» (…) Il s’agit d’une nouvelle attitude pour qu’ils ternissent l’image du pays. Jusqu’au point où ils brûlent eux-mêmes la permanence et alertent des gens. Ces gens, nous les mettons en garde, nous qui avons récemment reconnu leur parti. S’il s’avérait de nouveau que ce sont eux les responsables de ce désordre, des mesures qui s’imposent seront prises (…) « , dixit Tharcisse Niyongabo, assistant permanent et porte-parole du ministère de l’Intérieur, commentant l’incendie de la permanence du CNL à Nyabiraba. Cette déclaration a été faite lors de la conférence publique des porte-paroles en province Muyinga, vendredi 21 juin.
Mercredi 19 juin, le verdict tombe. Poursuivis pour »complicité à l’incendie volontaire », les neufs militants du CNL venus de Rumonge, Kanyosha et Bujumbura mairie sont condamnés à deux ans de prison. Ceux natifs de Nyabiraba seront, par la suite, relaxés.
Retour sur les faits
Samedi 15 juin, vers 21h30, deux jeunes hommes et deux filles sont entrés dans une maison à proximité de cette permanence que veillaient 15 militants du CNL. Les habitants de Nyabiraba confirment une première tentative d’incendie, mercredi 12 juin.

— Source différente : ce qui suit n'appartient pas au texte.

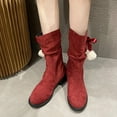 thumbnail image 1 of HUPOM Fall Boots For Women 2023 Pumps Low Heel Rubber Slip-On Women'S Mid-Calf Boots Wine 43(US:9.5), 1 of 8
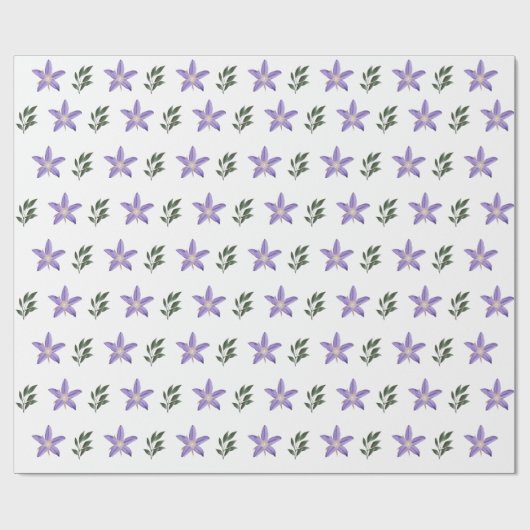  Paarse bloemengroene bladeren Boho Cadeaupapier (Vlak)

Ces militants envoient un des leurs pour s’enquérir de la raison de leur présence. Une altercation s’ensuit.
Quelques minutes plus tard, le commissaire communal débarque avec une escouade de plus de 10 policiers. Direction commissariat pour les 15 militants du CNL pour identification. Ensuite, c’est la case prison. De là, ils verront leur permanence prendre feu.
Telle une ligne de bus directe, ce chef d’accusation ne s’arrête pas aux arrêts des preuves irréfutables. Seul le terminus de la condamnation semble importer.
Comment le retenir sans avoir identifié le ou les pyromanes? L’accusation n’a pas pu établir la présence d’autres militants du CNL sur la scène du délit au moment de l’incendie. Et, partant, apporter la preuve d’un ou plusieurs liens avérés avec le ou les auteurs.
Quid des deux jeunes hommes et deux filles qui n’ont pas été embarqués par le commissaire provincial et ses hommes? Ils sont ainsi les derniers à avoir été vus sur place. De surcroît, cette altercation constituait un motif supplémentaire pour tourner les regards des enquêteurs de leur côté. A leur égard, le bandeau qui couvre les yeux de la justice, symbole d’impartialité, semble être tombé.
Le pouvoir montre ses griffes
Comment expliquer cette charge inédite du pouvoir contre son principal opposant? Ses sorties médiatiques le posant en victime de l’intolérance politique ont-elles franchi le seuil de l’acceptable? Volonté de transformer les opposants en disciples d’Epictète répétant en boucle cette célèbre maxime des stoïciens : » Substine et abstine » (Supporte et abstiens-toi) « ?
Ou/et une logique souterraine est-elle à l’œuvre dans cette affaire? Dans cette hypothèse, ce tweet du porte-parole du président Nkurunziza, Jean-Claude Ndezako, donnerait un éclairage : » En août 2020, il y aura de grandioses cérémonies de passation de pouvoir entre @Pnkurunziza et son successeur à la @BdiPresidence. Prise après avoir consulté le Tout-Puissant, la décision du président de ne pas se représenter est irréversible. »
Exit le débat enflammé sur la volonté prêtée au raïs de restaurer la monarchie.
Retour à la réalité de la succession de l’actuel locataire de la Présidence de la République.
Cette nouvelle donne étant confirmée, le président du CNL se retrouvera seul poids lourd dans la course à la présidentielle. Ce faisant, cette menace pourrait s’inscrire dans une stratégie de soutien au futur candidat du parti de l’Aigle. » Par tous les moyens nécessaires « , assénerait Malcolm X. Pour lui ouvrir à terme un boulevard menant à la Présidence de la République.
» La menace ne sert d’armes qu’aux menacés « , observait déjà Léonard de Vinci.